Jim Loewen, 1942-2021

August 22, 2021
Posted by Jay Livingston

The last time I saw Jim Loewen was at the 2018 ASA meetings in Phildelphia, a session on blogging as public sociology. It was in one of those small rooms and there were about forty of us in the audience. Jim was sitting quietly towards the back of the room. The irony struck me immediately. Here were bloggers, public sociologists, whose publics were perhaps a few hundred people, mostly sociology professors and graduate students — and sitting unnoticed was a sociologist whose work had reached more than a million people. My son had read Lies My Teacher Told Me in high school.

After the session, I said hello. He didn’t remember me.  Our grad school careers had barely overlapped; I was in social psych then, not sociology. But a couple of my friends of mine knew him from grad school and from leftist student politics. They both wound up at prestigious business schools, one teaching business law, the other teaching about leadership and doing well-paid consulting for corporate executives.

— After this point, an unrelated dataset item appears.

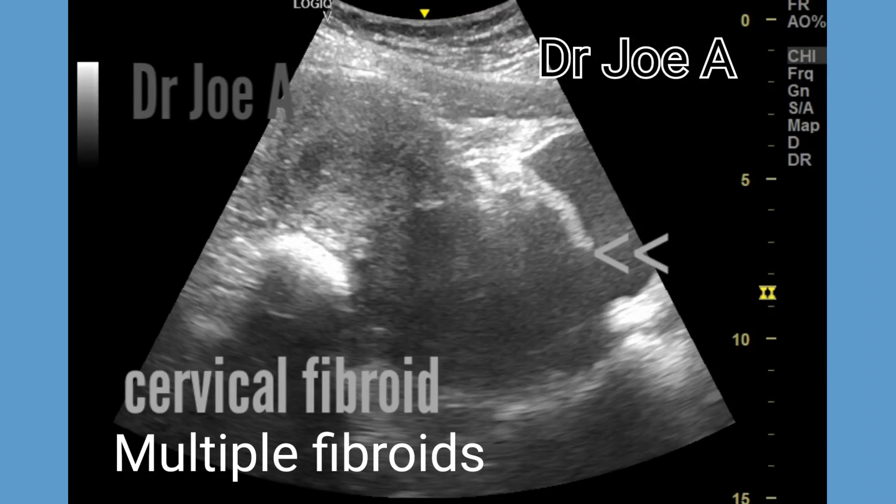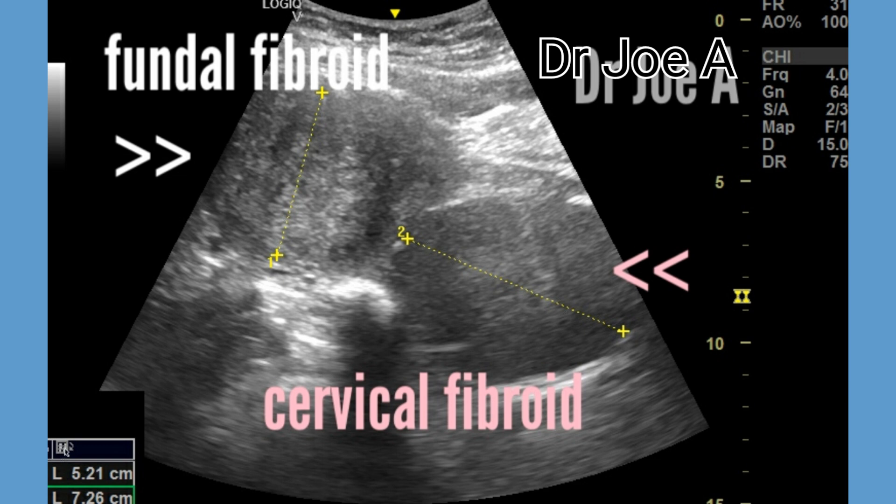This is the case of two fibroids. Both are large — one in the fundus and the second in the cervix of the uterus.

Jim remained true to the concerns he had back then. As I recall, he now said he was interested in people’s hometown experiences with race and class. I told him that I might not have much to contribute. When was growing up, my hometown had no known African Americans, though my parents had said that there were some families that were passing. “No, no. Write it up and send it to me,” Jim said, handing me his card.

I never did, an omission I now regret.